Stored data entries |
.....
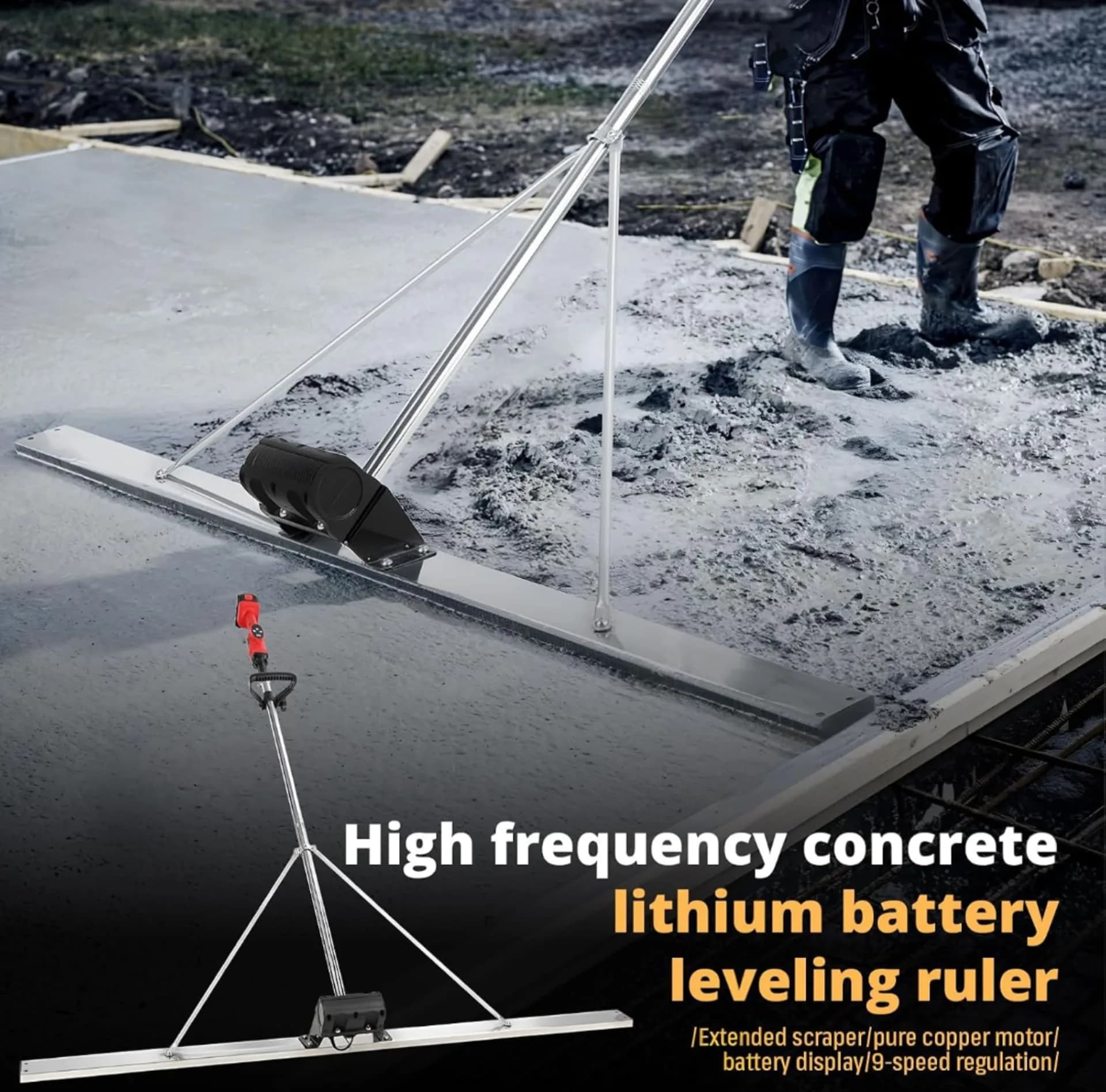Techimes Battery Powered Concrete Screed — photo 3 of 10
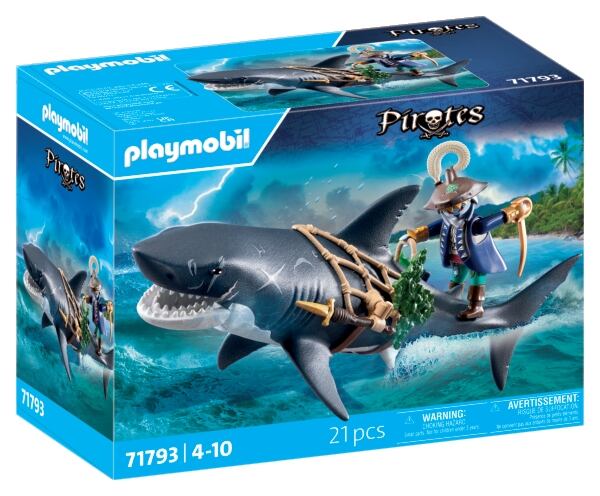 Playmobil Pirát so žralokom obrovským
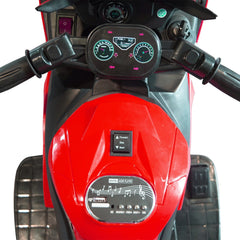 Moto électrique enfants ARROW 6V 4ah B39330 contrôle au pied lumières et sons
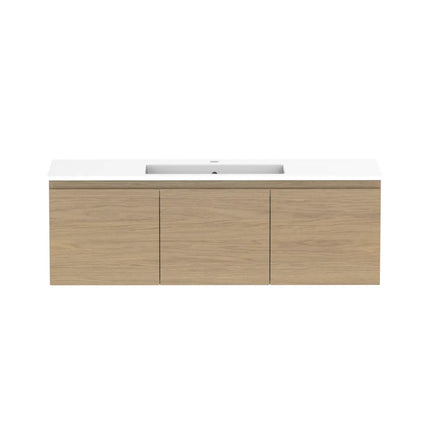ADP Glacier Lite Ensuite Door and Drawer Slim Vanity with Cast Marble Top 750-1200mm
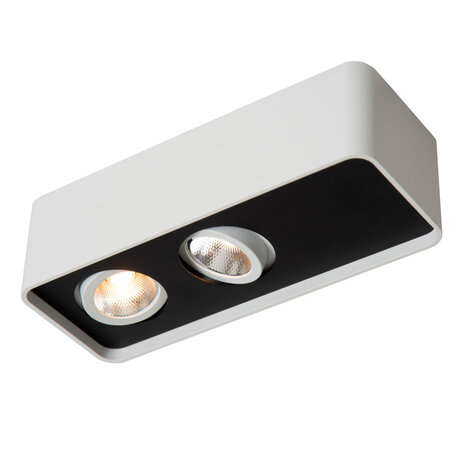 Lucide ANGULAR - Plafondspot - LED Dimb. - 2x5W 2700K - Wit | Premium Lucide ANGULAR - Plafondspot - LED Dimb. - 2x5W 2700K - Wit | Premium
.....
Each entry above must be duplicated precisely; none of the pictures may be included.

ANSWER TO THE PROBLEM |
Techimes Battery Powered Concrete Screed — photo 3 of 10
 Playmobil Pirát so žralokom obrovským
 Moto électrique enfants ARROW 6V 4ah B39330 contrôle au pied lumières et sons
ADP Glacier Lite Ensuite Door and Drawer Slim Vanity with Cast Marble Top 750-1200mm
 Lucide ANGULAR - Plafondspot - LED Dimb. - 2x5W 2700K - Wit | Premium Lucide ANGULAR - Plafondspot - LED Dimb. - 2x5W 2700K - Wit | Premium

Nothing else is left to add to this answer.